I think this was February, but don’t quote me on that.
TWO. Into the Wild.
I burned all my belongings in a steel drum trashcan, piece by piece, over the course of a night, save a suitcase packed with warm clothes, a couple dollars to get by, the obligatory pack of cigarettes, and a plane ticket directed towards Alaska, the Great White North.
Everything. My clothes, my credit cards, my wallet, my cell phone, all reduced to ash before my very eyes. Everything significant and insignificant; the flames didn’t bother to hold any prejudice.
I left town with confetti in my hair, the drugs still fucking with my head, wearing clothes that hadn’t been washed in a month or more. With sunglasses masking my eyes and the smell of sex still on my body, I drove as fast as I could, swerving in and out of traffic with a reckless abandon for anyone’s safety, including my own. Horns honked and people yelled out their windows, so I just turned the volume dial on the radio up as high as I could and let the music wash all those hateful sounds out of my ears.
The idea occurred to me a week prior. Give Los Angeles one last week of hell and then escape to Alaska to live out the rest of my days in isolation amongst the barren snowfields. Sleep beneath the Northern Lights, listen to the roar of the Bering Sea. Forget how to speak, forget how to live, embrace my most primal urges, and maybe wash my hands of whatever sins I have left over from my previous lives.
A journey to find myself completely, and then forget myself completely, and then start all over again.
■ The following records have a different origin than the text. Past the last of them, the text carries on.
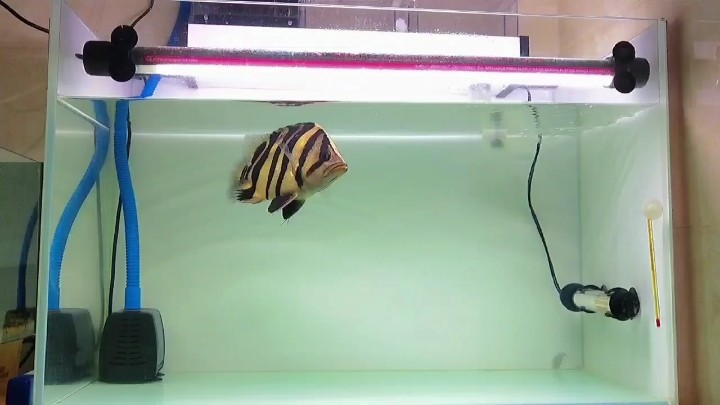 單養虎魚 單養虎魚 虎魚百科 第1張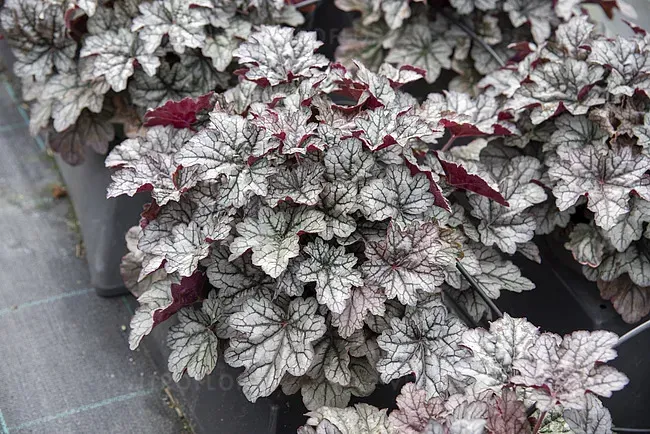 Гейхера "Пряна Кава", Heuchera World Caffe Corretto С3 V18887 фото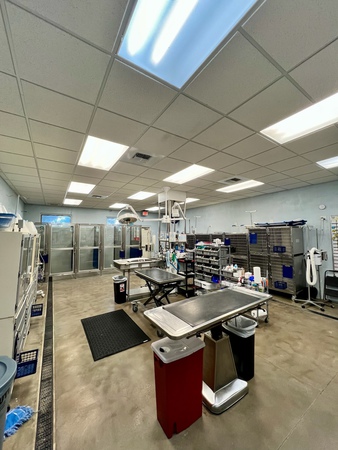 Images VCA Noah’s Place Animal Medical Center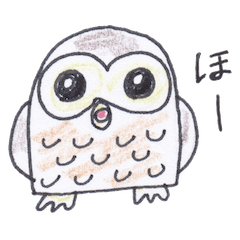 [LINEスタンプ] ふくろうのほーくんの画像（メイン）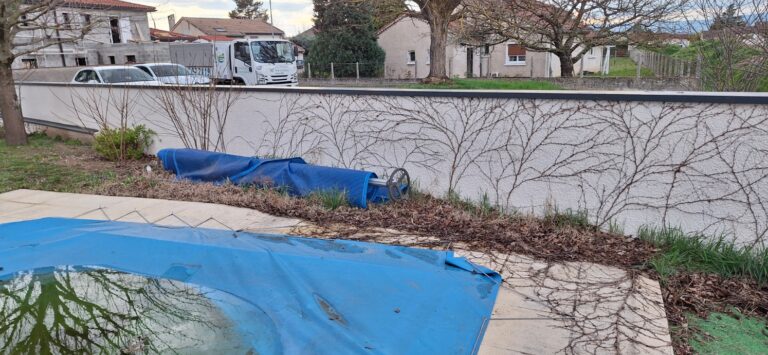Massif négligé et gazon usé le long du mur de la piscine avant les travaux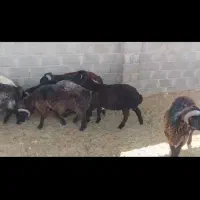 بره نر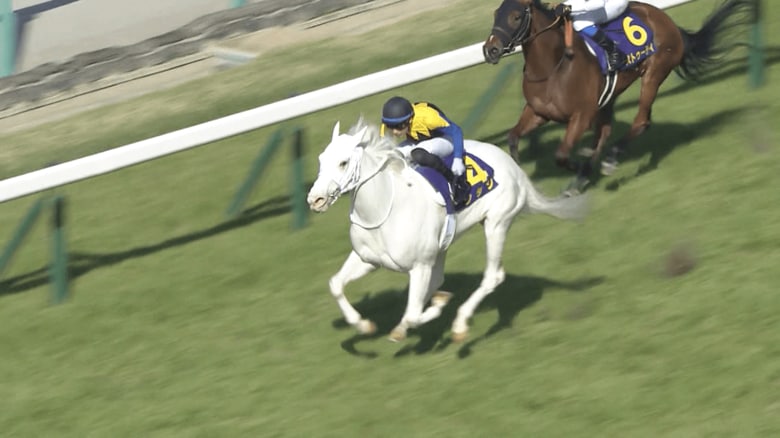 ソダシ（桜花賞・2021年）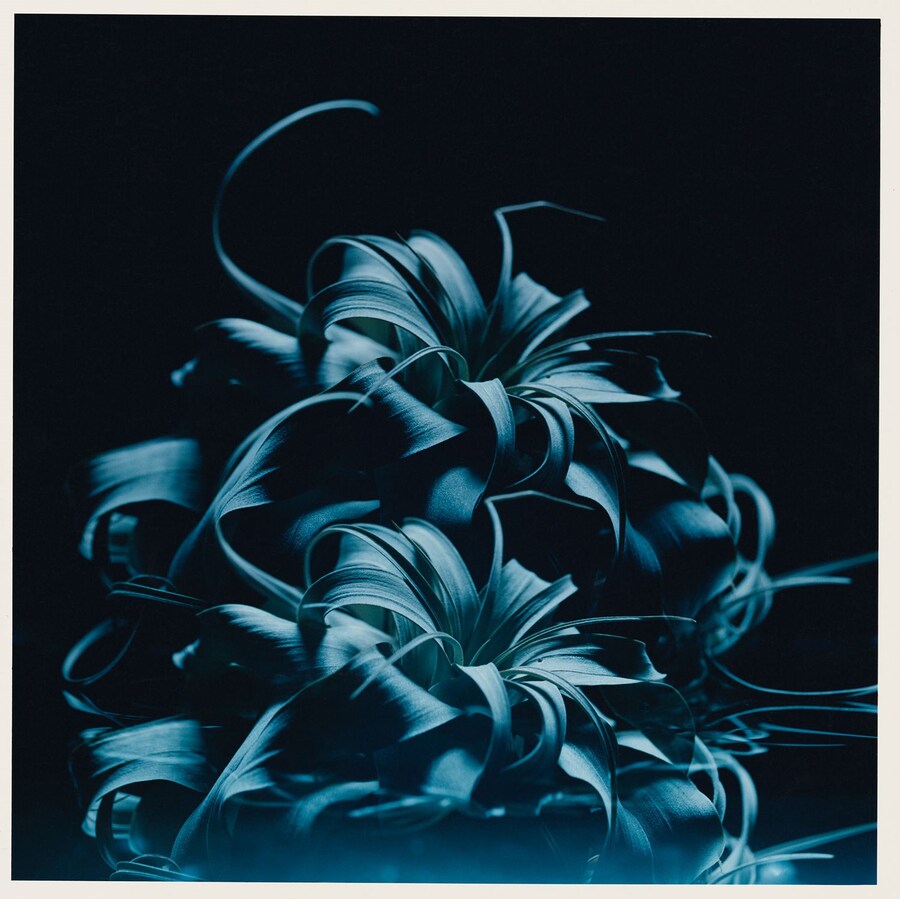 BOOK_STEVE.HARRIES_11.16_06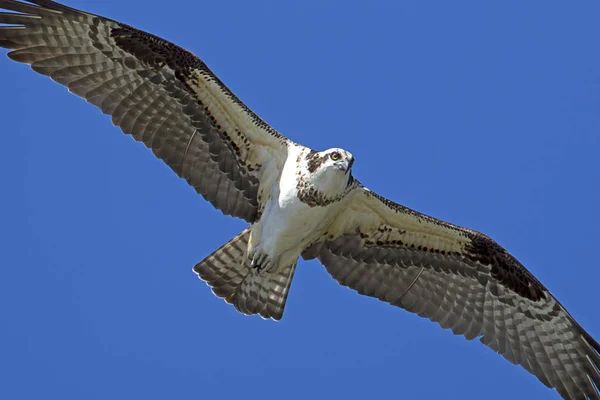 Ospreay szybuje wysoko. — Zdjęcie stockowe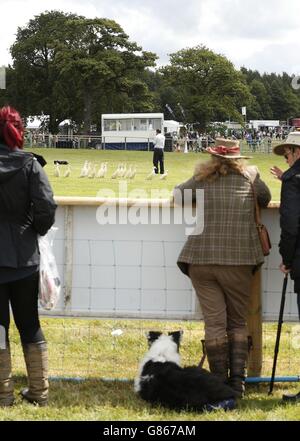 Les gens regardent une démonstration de chiens de berger pendant le salon de jeux CLA (Country Landowerss' Association) à Harewood House, près de Leeds, West Yorkshire. Banque D'Images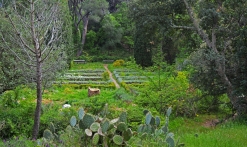 Journée Parcs et jardins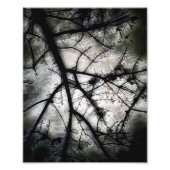 Abschluss Fotodruck (Vorne)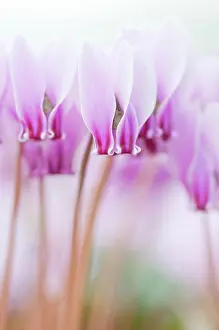 Homeopathic: Cyclamen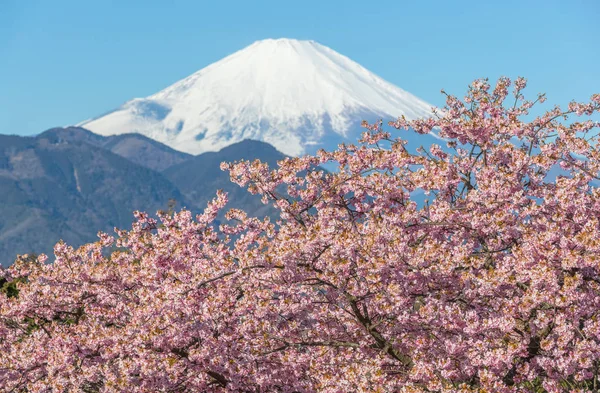 Prachtige berg Fuji — Stockfoto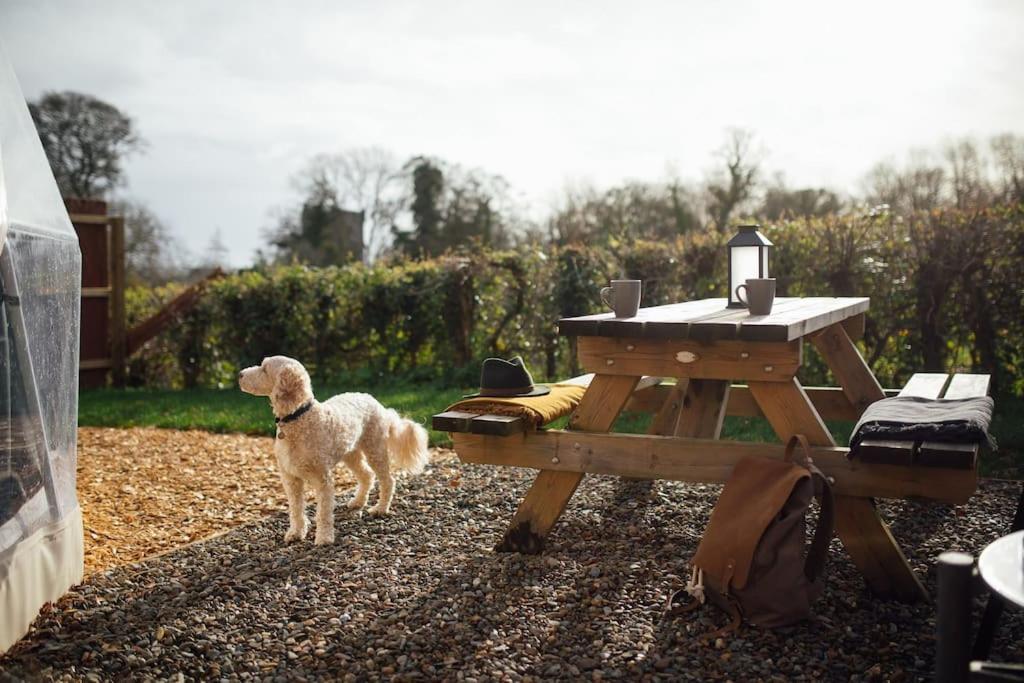 킬게티 The Little Retreat, Pembrokeshire 아파트 외부 사진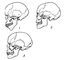 Схематичний парамедіальний розріз через череп примітивного плазуна (а) і ссавця (б): 1 - первинні хоани;  2 - вторинні хоани;  3 - носоглотковий хід;  4 - первинне тверде небо;  5 - вторинне тверде небо;  6 - носова порожнина;  7 - зовнішня ніздря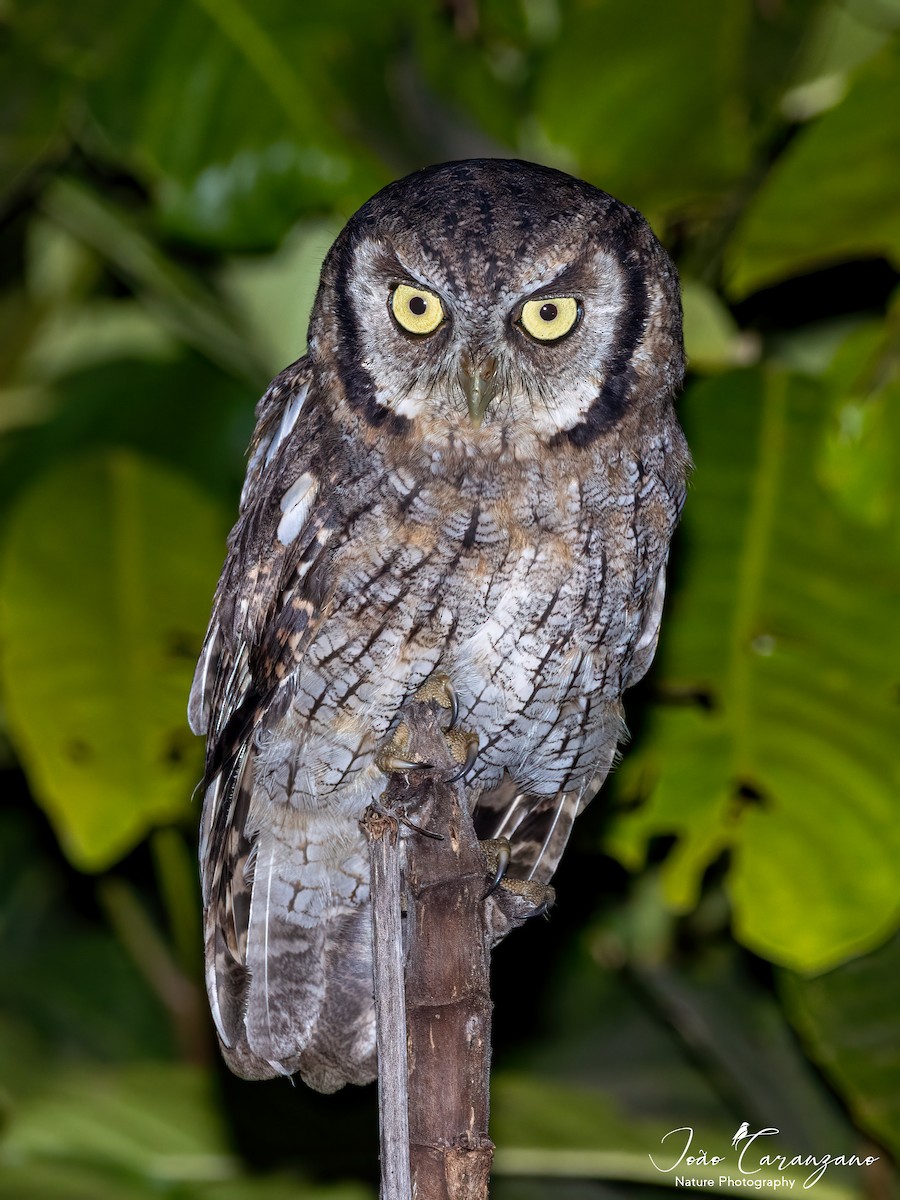 Tropical Screech-Owl - ML320887781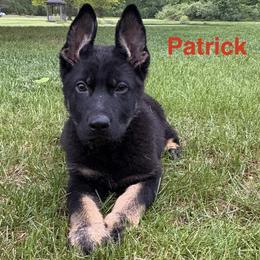 Patrick - Black and tan male German Shepherd puppy in Whitehouse, Ohio from Providence Landhaus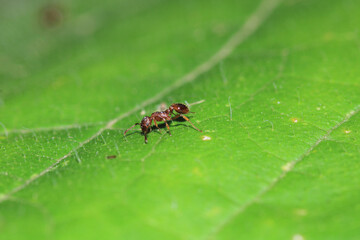 tetramorium immigrans ant macro photo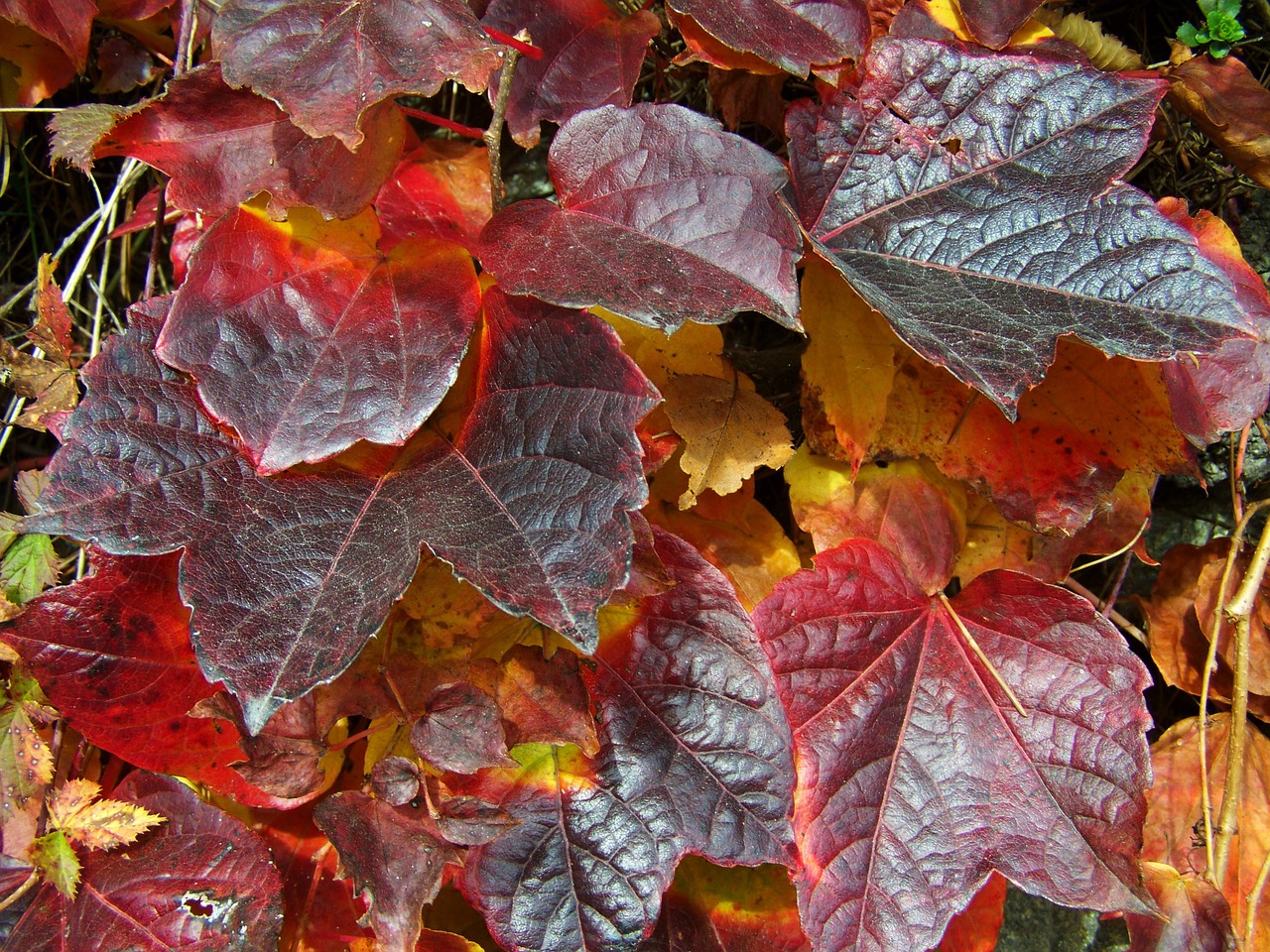 grape leaves autumn colors nature free photo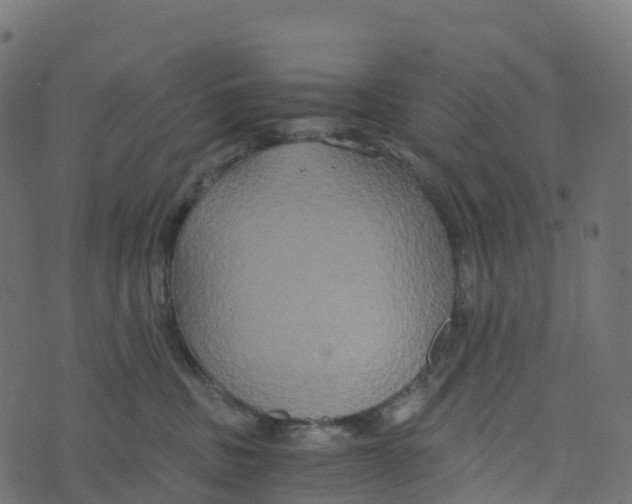 X0000073410379200608251531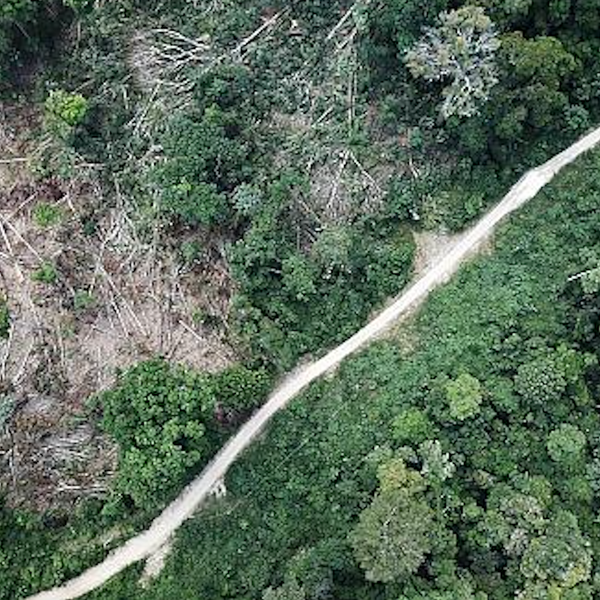 Food and The Rainforest: A Citizen's Guide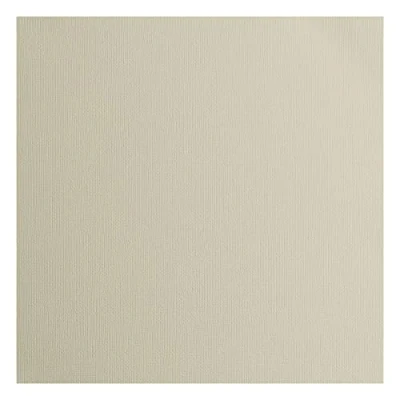 Image de Florence Papier Cartonné Gris Rugueux 30,5 x cm Mouse 20 feuilles 216 g/m² pour Scrapbooking, Carterie, Perforation et Faire Part de Mariage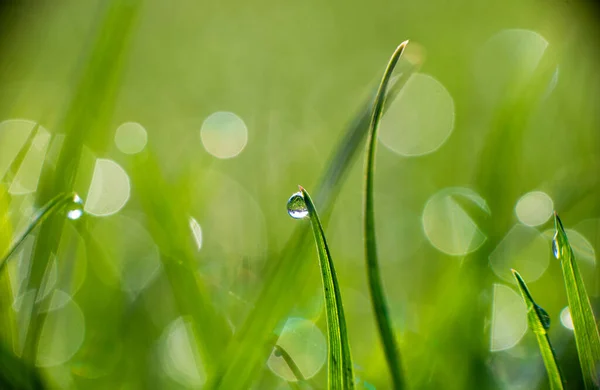 Zbliżenie Zielonych Źdźbła Trawy Kroplami Rosy Lub Deszczu Promieni Słonecznych — Zdjęcie stockowe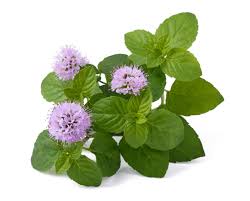 Plante qui ?loignent les mouches. Plante Anti Mouche La Liste Des 25 Plantes Les Plus Efficaces
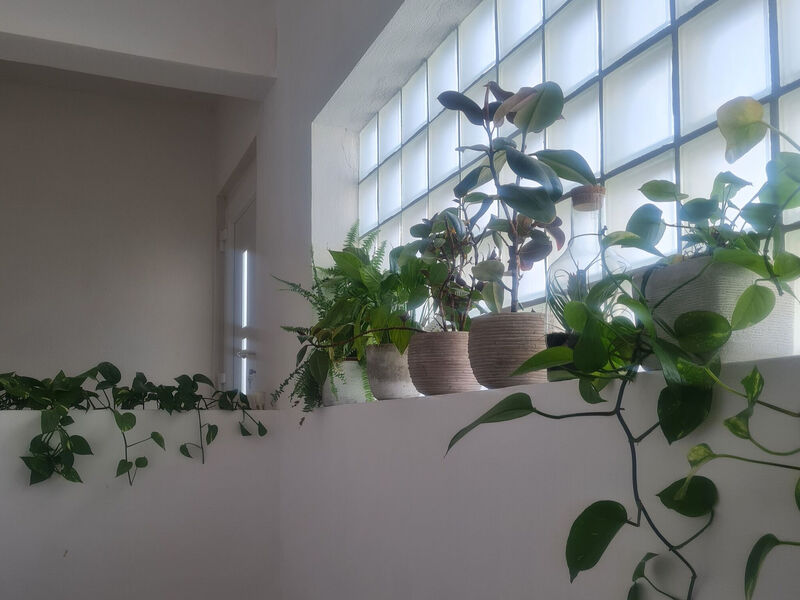Apartmány 1355-6977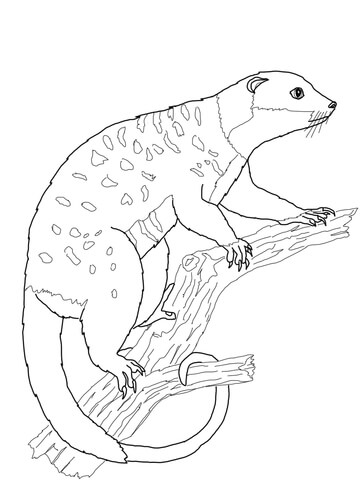 Possum Cuscus Coloring Page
A radical decision, for sure, but the best decision I could make at this moment of my life, or any other moment for that matter.
The sun baked the streets of Los Angeles, sending the junkies, the hipsters, and the plastic surgery supermodels into a fever that they couldn’t quite shake out. Like dogs in heat, they panted, all sweat and musk in the city of falsehoods, failures, and an infinite supply of fuckups, me included. If New York City is the heart of the United States, then LA is the asshole, shitting all over whatever culture we still had left.
I stood outside of the airport, waiting for my plane to arrive, leaned up against the pane glass window with my head bowed and a cigarette placed in between my chapped lips. I was as much a cliché as the next man, no better than the drug addicted rockstars or their stripper girlfriends who marched down the streets like they were in a parade. I had been here for too long, and the whole place was starting to take a toil on me.
Pollution hovered overhead and I let out a long sigh of relief, knowing that I was finally going to be leaving. I was finally going somewhere that might have been worth a shit.
Maybe somewhere where I could finally be at peace with life, the universe, and everything.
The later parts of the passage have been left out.